Description
Farmer John has been informed of the location of a fugitive cow and wants to catch her immediately. He starts at a point N (0 ≤ N ≤ 100,000) on a number line and the cow is at a point K (0 ≤ K ≤ 100,000) on the same number
line. Farmer John has two modes of transportation: walking and teleporting.
* Walking: FJ can move from any point X to the points X - 1 or X + 1 in a single minute
* Teleporting: FJ can move from any point X to the point 2 × X in a single minute.
If the cow, unaware of its pursuit, does not move at all, how long does it take for Farmer John to retrieve it?
Output
Line 1: The least amount of time, in minutes, it takes for Farmer John to catch the fugitive cow.
Hint
The fastest way for Farmer John to reach the fugitive cow is to move along the following path: 5-10-9-18-17, which takes 4 minutes.
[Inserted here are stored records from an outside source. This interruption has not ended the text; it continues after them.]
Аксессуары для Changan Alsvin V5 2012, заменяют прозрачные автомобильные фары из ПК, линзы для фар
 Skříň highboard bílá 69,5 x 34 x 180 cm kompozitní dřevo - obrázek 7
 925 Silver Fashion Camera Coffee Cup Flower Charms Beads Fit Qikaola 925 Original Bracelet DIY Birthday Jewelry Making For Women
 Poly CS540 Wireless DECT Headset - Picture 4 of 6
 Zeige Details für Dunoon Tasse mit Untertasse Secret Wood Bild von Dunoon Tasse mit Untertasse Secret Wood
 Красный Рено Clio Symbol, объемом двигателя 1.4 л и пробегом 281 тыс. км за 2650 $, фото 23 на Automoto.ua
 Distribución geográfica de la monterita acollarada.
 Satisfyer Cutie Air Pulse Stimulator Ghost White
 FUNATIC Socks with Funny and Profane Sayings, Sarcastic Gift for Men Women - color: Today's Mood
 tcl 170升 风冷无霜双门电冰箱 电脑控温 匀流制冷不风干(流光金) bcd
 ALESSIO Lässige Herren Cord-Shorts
注意数组要开大一些,否则会Runtime Error
#include<stdio.h>
#include<stack>
#include<queue>
#include<string.h>
using namespace std;
int state[200010];
int N,K;
int dir[3][2]={{1,-1},{1,1},{2,0}};
queue<int> record;
int BFS(){
if(N==K) return 0;
record.push(N);
state[N]=1;
while(!record.empty()){
int cur,temp;
cur=record.front();
record.pop();
for(int a=0;a<3;a++){
temp=cur*dir[a][0]+dir[a][1];
if(temp==K) return state[cur];
if(temp>=0&&temp<200010){
if(!state[temp]){
record.push(temp);
state[temp]=state[cur]+1;
}
}
}
}
}
int main(){
memset(state,0,sizeof(state));
cin>>N>>K;
int step;
step=BFS();
cout<<step<<endl;
return 0;
}